Every record here must be copied exactly, except for the images it holds.

**Source data:**
───

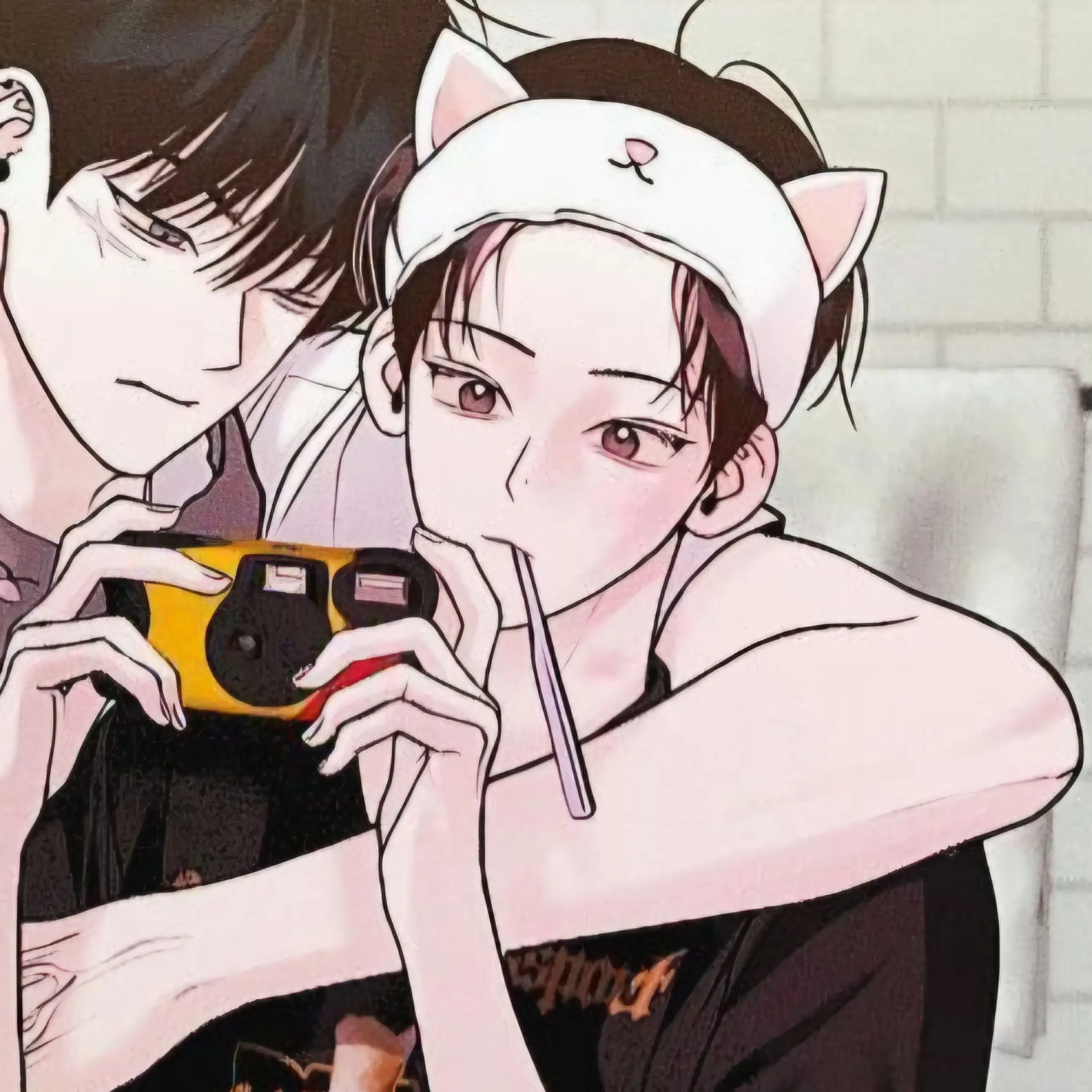 BrashHoops5246의 당신의 하루 운동량을 체크해주는 친구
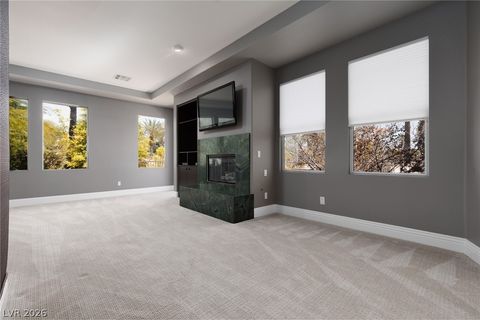 Tiny photo for 2451 Hollow Rock Court, Las Vegas, NV 89135 (MLS # 2758420)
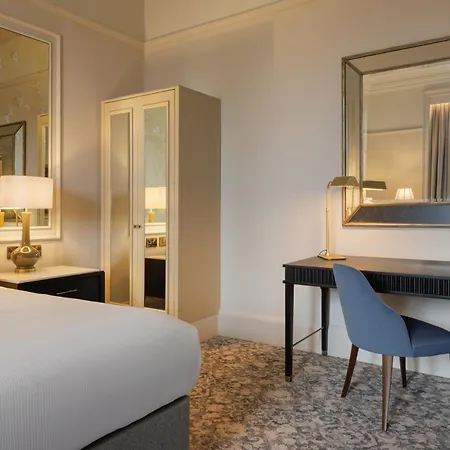 The Caledonian Edinburgh, Curio Collection By Hilton 5*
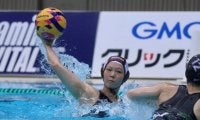 得点が入らない・・・インカレ準決勝は強豪に完敗　明日、3位決定戦へ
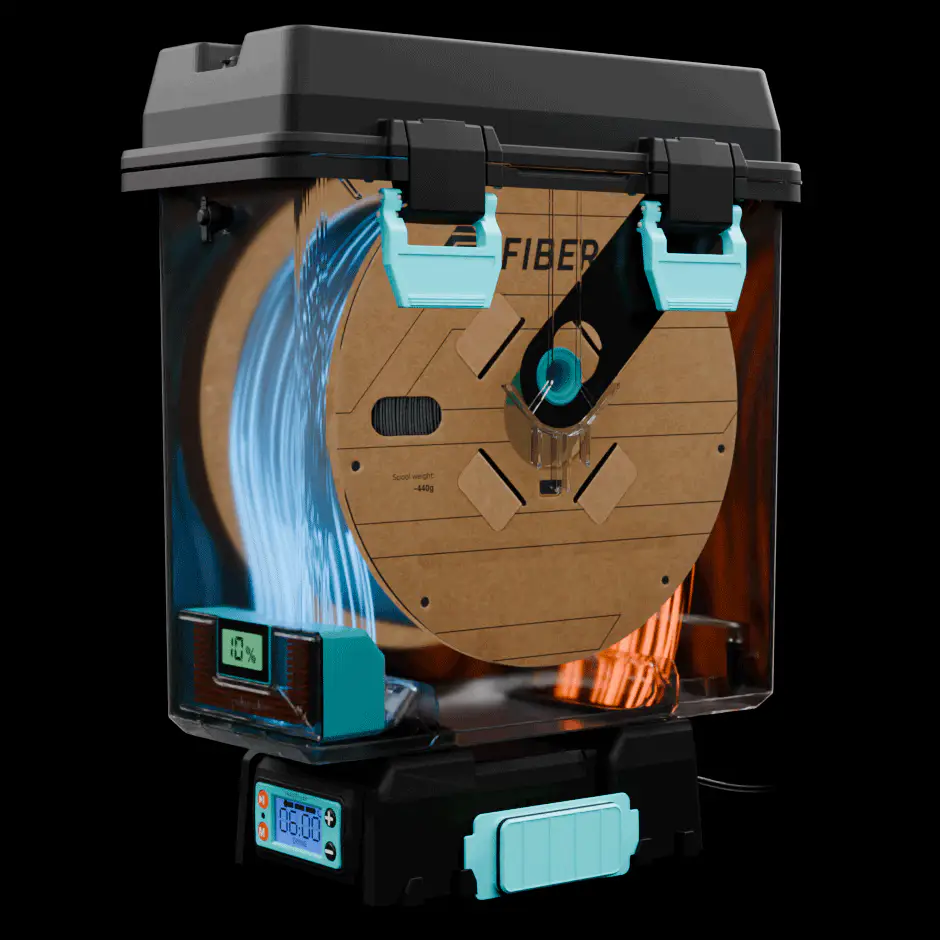 PolyDryer™ - Image 36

───

**Reply to the exercise:**
 BrashHoops5246의 당신의 하루 운동량을 체크해주는 친구
 Tiny photo for 2451 Hollow Rock Court, Las Vegas, NV 89135 (MLS # 2758420)
 The Caledonian Edinburgh, Curio Collection By Hilton 5*
 得点が入らない・・・インカレ準決勝は強豪に完敗　明日、3位決定戦へ
 PolyDryer™ - Image 36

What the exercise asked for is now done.